Ngāti Kahu sought binding recommendations from the Waitangi Tribunal to see the return of particular state owned properties to the iwi but the application was rejected in 2013.
The Waitangi Tribunal states that the properties include former Crown properties now in private ownership. The Tribunal found however that binding orders for Ngāti Kahu would have upset the fine balance of existing agreements and impending Treaty settlements of other Te Hiku iwi.
Ngāti Kahu High Court action now comes at a cost of about $100,000 which Mutu claims is supported by the majority of Ngāti Kahu marae.
Mutu says, “What we are hearing from whānau and hapū is that they want to see progress and they want to ensure that the work is being done properly.”
The Te Hiku Claims Settlement Bill had its second reading in Parliament this year. Part of the settlement also includes The Te Hiku Social Accord that enables iwi to provide policy advice to Government departments.

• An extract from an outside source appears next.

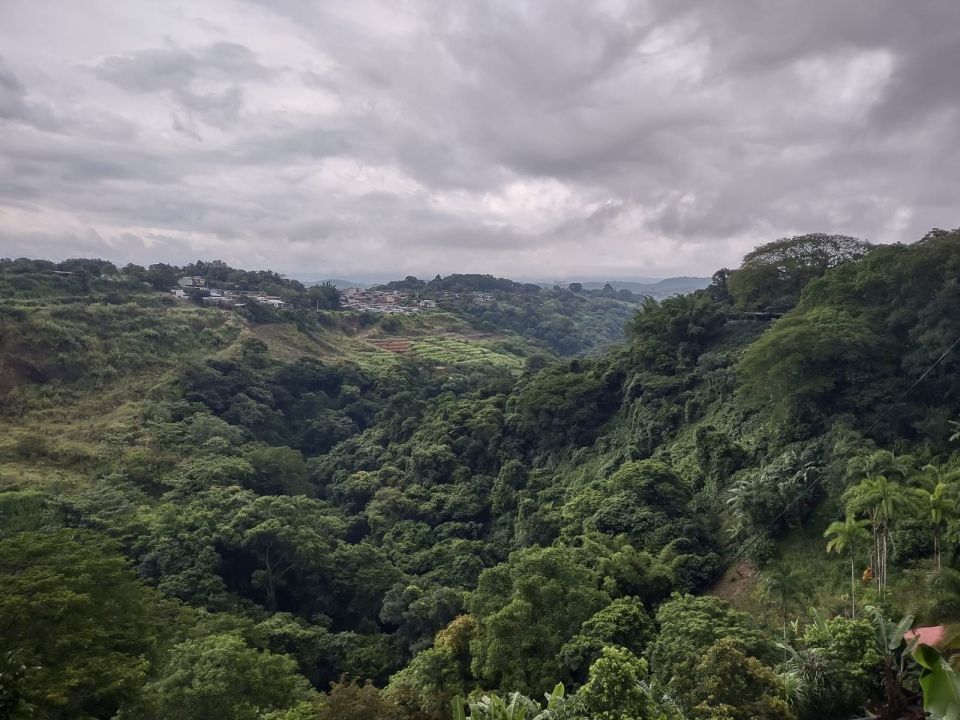 Photo for blog post Welcome to Monteverde!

Mutu claims however that the accord is a flawed deal.
“The best solution for whānau, hapū and marae is 'Whānau Ora'. The Social Accord is actually a foreign approach that continues to see social welfare handled by the Government. Whānau Ora is the best fit as social responsibilities are returned to whānau", said Mutu.
Ngāti Kahu Rūnanga say that eleven of the fifteen Ngāti Kahu marae rejected the Crown's Treaty settlement offer of financial and commercial redress valued at $23.4mil.
In June this year Ngāti Kahu Rūnanga submitted their judicial review application to the High Court to further seek binding recommendations from the Tribunal and continue to wait for the judge's decision.
In the meantime however a book entitled, Ngāti Kahu: Portrait of a Sovereign Nation: Traditions, History and Treaty Claims will be published by Huia Publishers in 2017.